My year off came to an end in early August, and to mark the transition I found myself heading back to the aca-duh-me. During my year off I finally started to live a more fulfilling life. After my college escapades in NY--a state that had deceptively caputred my imagination growing up in the Midwest--I retreated back to the Heartland; back to my parents' home to regain my bearings and heal from a slew of pscyho-physical wounds. In my old room, I indulged in months of ample sleep--"treating" my body to one of the most basic necessities that our crazy society has for some odd reason relegated to luxury. (Note to policy-makers: in Constitution v2.0 please include a clause about the right to a good night's sleep for all).
I practiced many of the things that I had thought were necessary for a fulfilling life--cooking with my mom in the kitchen, eating dinner on a regular basis with my parents, spending more time with friends, going to the library every week or two to read magazines and browse through the bookshelves--and concluded, "Yes, this is good." In the summer that launched my year off and the one that rounded it out, I planted a vegetable garden in our backyard. I sowed seeds and planted small seedlings, weeded, watered, and generally tended for my plants with daily check-ups that seemed to give me an extra sense of meaning and purpose in life. And something to look forward to, because while watching the plants grow each day was fascinating the real privilege came when they decided I had been good and rewarded me with the freshest and tastiest produce I could possibly eat.

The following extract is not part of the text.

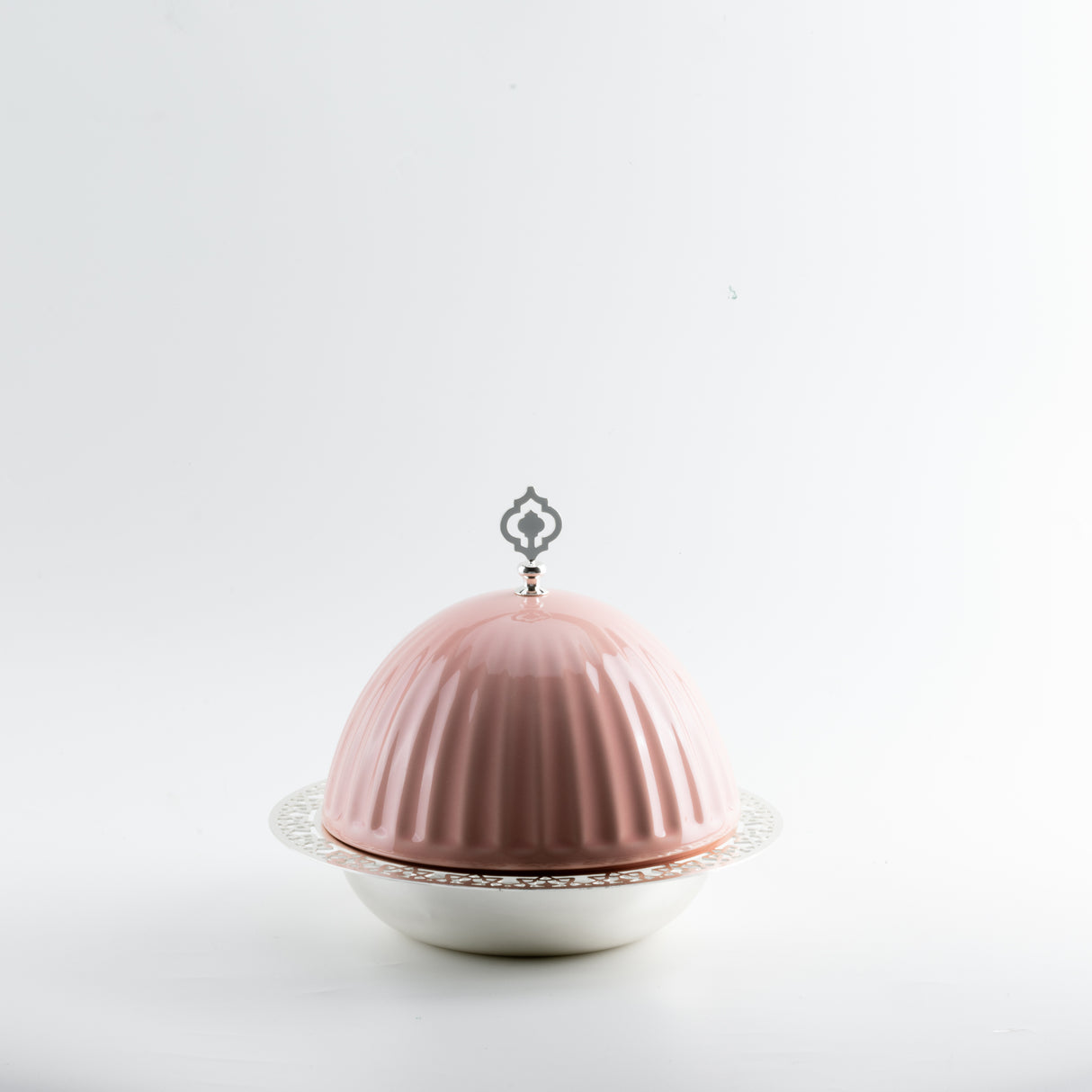 Exclusive - Medium Serving Platter with Porcelain Dome- Pink & Silver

During the year off after graduating from college, I also took the time to reconnect with cousins, aunts, uncles, and grandparents overseas. I flew over twice in order to get reacquainted with some of the relatives I had completely drifted apart from and to strengthen the otherwise flimsy long-distance family bonds I had managed to maintain through all these years of trans-Atlantic separation. I realized that six weeks of togetherness was a good start, but not nearly enough; and this reconfirmed the importance of family--that a lifelong priority of mine ought to be nurturing those family bonds in spite of the distance. Through family, I found a gateway to my own identity and my own heritage--elements of my being that had withered and I so desperately need to reclaim in this cosmo, globalized, disorienting, multieverything American life. And thus, I journeyed into the past through a family genealogy project. It took me back centuries in some cases, and to countries across the world I had never visited, and it exposed me to a few of the compelling life stories that linked generations of my ancestors to the present and somehow brought to my existence on this earth.

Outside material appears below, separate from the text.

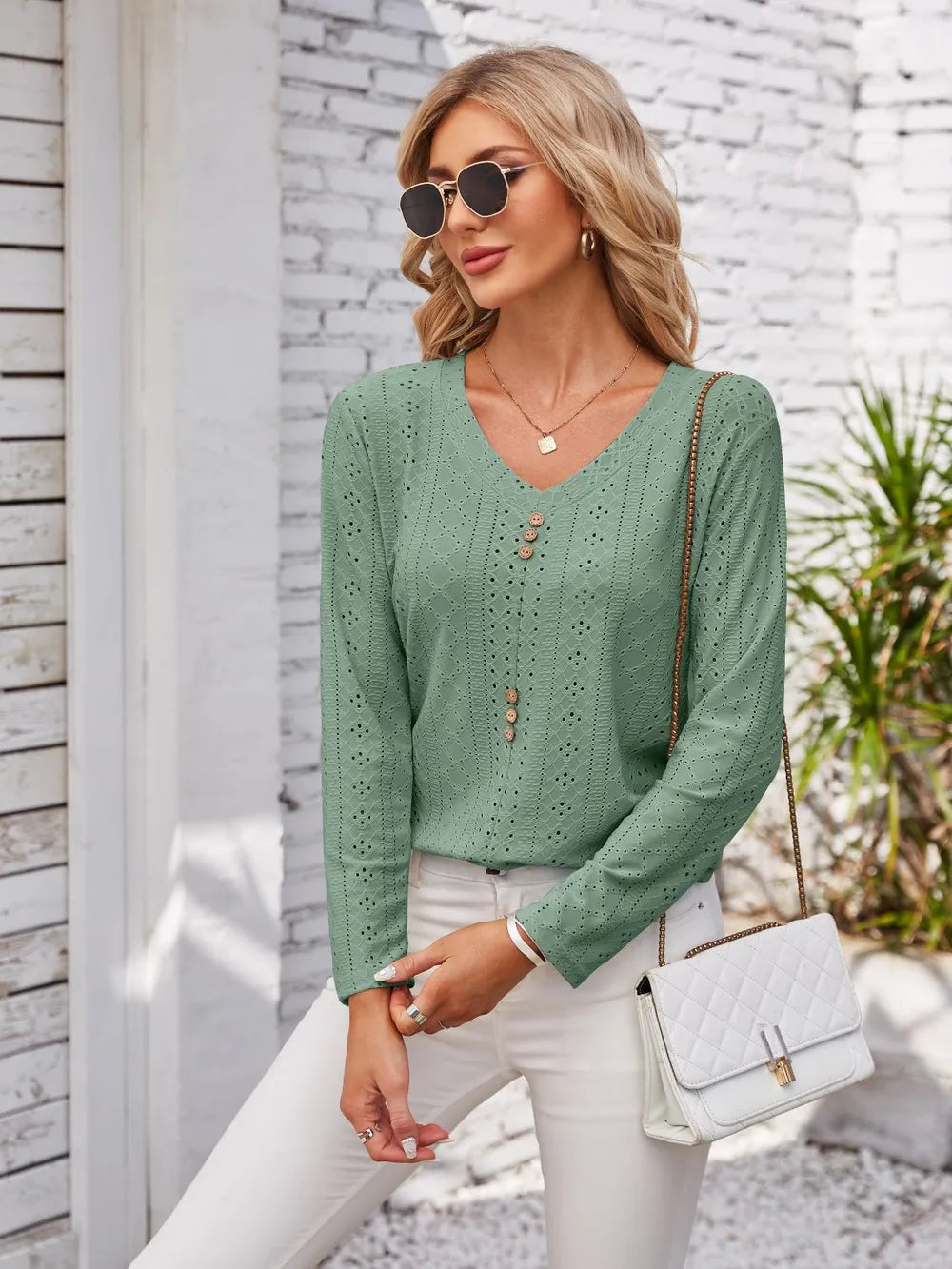 Decorative Button Openwork V-Neck T-Shirt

And then I tried to figure out what I'm doing, should do, could do with my life on this earth. (Yes, I tend to think about such things in a trivial manner). College graduation found me with no job offers, probably almost entirely because I had resisted any sort of job search. But either way, I was too burnt out to dive into something new and too uncertain over what sort of career to pursue. So during this "year off" I tried to think about it, and I tried to look for jobs, and then inevitably I got nervous and insecure. And inevitably that set off a cascade of trepidations and hesitations and disillusioning realizations that led me to feel that my BA had symbolic value, as a stepping stone, but other than that was kind of worthless. Here I am, young, (ivy league?!) educated, broke, living at home, and mostly unemployed (save a little tutoring and infrequent substitute teaching on the side).
I spent about half a year looking (admittedly somewhat casually) for work, and with no offers I conceded to the need for a backup plan. I surrendered to the notion that I might have more luck, or be more valuable in this (meat)marketplace, with another degree. A master of something or other. And I looked around for schools and programs, and I took the ridiculous GRE, and I wrote my applications essays, and I submitted them online.

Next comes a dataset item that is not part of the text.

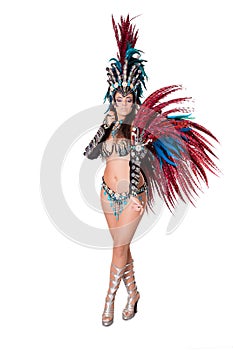 Beautiful samba dancer, full length, isolated on white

So even though my college graduation felt like an exhilarating liberation from the chains of deeply disappointing, at times ineffective, institutionalized education, I now find myself back in the same system. Unfortunately, this time it was much more of my choice. I could have avoided it, or put it off longer, but I chose to go back partly to get it over with sooner rather than later, partly to reap the benefits, partly because I didn't have the gumption to make something of my life without another line on my resume. How I let myself down sometimes...
So here I am, back to where I started when the urgency of panic, frustration and despair drove me to take up blogging at the beginning of college. This time I chose to come back. I thought it would be for the best, I thought I'd be in control more, or do it more on my terms, and I thought the social dynamics would be a bit easier... However, these first few months of my first semester back in school have gradually stripped away the hope I had built up for a sane and satisfying experience. Now I find myself wondering again what in the world am I doing?